What is expected:
First find the line with "vestuário ponto MAX&Co." in the entries below, then set down exactly every line through the line with "Οθωμανικό κρεβάτι με", that line included.

Data for review:

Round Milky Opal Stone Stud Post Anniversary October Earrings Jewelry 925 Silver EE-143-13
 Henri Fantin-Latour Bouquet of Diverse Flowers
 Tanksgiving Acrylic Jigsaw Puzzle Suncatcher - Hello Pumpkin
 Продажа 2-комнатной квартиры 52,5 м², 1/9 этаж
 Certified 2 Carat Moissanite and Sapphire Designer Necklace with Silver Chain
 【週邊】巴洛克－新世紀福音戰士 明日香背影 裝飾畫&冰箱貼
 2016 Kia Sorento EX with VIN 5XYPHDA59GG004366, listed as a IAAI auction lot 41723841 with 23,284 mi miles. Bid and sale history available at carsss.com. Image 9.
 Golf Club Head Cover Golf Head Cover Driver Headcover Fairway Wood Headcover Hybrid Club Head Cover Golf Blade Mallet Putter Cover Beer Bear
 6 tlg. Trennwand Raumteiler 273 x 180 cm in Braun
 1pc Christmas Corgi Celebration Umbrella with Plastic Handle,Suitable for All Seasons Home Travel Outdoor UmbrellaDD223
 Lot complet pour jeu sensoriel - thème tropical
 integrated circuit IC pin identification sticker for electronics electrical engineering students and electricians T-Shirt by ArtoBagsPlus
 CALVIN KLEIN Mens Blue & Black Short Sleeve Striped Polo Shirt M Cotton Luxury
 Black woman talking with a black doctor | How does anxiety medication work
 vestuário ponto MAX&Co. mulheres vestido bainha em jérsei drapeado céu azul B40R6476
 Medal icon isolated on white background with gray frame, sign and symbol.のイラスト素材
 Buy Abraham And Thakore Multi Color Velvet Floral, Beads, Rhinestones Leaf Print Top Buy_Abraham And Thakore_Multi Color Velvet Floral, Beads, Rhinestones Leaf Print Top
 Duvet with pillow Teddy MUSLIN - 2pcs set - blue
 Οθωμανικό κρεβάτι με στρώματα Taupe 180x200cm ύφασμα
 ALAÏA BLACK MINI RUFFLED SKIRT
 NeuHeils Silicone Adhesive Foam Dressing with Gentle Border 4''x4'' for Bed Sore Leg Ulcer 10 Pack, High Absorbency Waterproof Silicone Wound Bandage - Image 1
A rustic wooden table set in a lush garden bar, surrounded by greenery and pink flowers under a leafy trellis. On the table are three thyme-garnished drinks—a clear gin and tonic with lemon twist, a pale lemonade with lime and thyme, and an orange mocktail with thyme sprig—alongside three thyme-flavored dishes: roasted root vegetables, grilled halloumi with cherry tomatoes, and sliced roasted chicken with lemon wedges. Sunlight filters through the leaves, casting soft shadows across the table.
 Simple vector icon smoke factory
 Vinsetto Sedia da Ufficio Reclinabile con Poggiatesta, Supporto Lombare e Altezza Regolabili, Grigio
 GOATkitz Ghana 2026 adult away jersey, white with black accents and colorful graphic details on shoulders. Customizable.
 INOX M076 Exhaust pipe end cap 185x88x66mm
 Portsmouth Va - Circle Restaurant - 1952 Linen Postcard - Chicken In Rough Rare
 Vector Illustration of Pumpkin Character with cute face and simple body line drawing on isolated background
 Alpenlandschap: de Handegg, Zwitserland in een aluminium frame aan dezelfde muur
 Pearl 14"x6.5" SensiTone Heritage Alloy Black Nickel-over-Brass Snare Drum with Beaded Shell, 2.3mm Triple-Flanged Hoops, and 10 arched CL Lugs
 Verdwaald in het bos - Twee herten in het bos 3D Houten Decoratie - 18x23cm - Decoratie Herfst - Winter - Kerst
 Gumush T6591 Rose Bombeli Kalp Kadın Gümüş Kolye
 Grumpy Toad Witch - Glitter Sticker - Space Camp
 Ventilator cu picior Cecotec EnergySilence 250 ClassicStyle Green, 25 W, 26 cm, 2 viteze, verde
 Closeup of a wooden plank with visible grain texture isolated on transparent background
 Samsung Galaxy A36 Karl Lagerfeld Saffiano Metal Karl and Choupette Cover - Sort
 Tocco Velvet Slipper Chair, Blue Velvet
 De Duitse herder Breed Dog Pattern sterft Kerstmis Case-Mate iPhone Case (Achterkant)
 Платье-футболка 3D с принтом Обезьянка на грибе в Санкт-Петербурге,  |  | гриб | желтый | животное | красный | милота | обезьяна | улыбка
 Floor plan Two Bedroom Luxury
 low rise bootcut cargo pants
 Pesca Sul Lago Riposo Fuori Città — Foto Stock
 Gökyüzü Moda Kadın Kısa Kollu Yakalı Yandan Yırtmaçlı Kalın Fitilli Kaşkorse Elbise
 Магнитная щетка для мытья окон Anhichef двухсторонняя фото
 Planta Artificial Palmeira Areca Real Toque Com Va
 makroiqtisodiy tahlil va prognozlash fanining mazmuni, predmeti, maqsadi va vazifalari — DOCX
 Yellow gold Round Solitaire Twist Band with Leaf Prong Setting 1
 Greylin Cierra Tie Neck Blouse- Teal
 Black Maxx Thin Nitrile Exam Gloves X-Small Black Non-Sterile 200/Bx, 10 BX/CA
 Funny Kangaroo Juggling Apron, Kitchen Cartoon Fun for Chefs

Result for this exercise:
 vestuário ponto MAX&Co. mulheres vestido bainha em jérsei drapeado céu azul B40R6476
 Medal icon isolated on white background with gray frame, sign and symbol.のイラスト素材
 Buy Abraham And Thakore Multi Color Velvet Floral, Beads, Rhinestones Leaf Print Top Buy_Abraham And Thakore_Multi Color Velvet Floral, Beads, Rhinestones Leaf Print Top
 Duvet with pillow Teddy MUSLIN - 2pcs set - blue
 Οθωμανικό κρεβάτι με στρώματα Taupe 180x200cm ύφασμα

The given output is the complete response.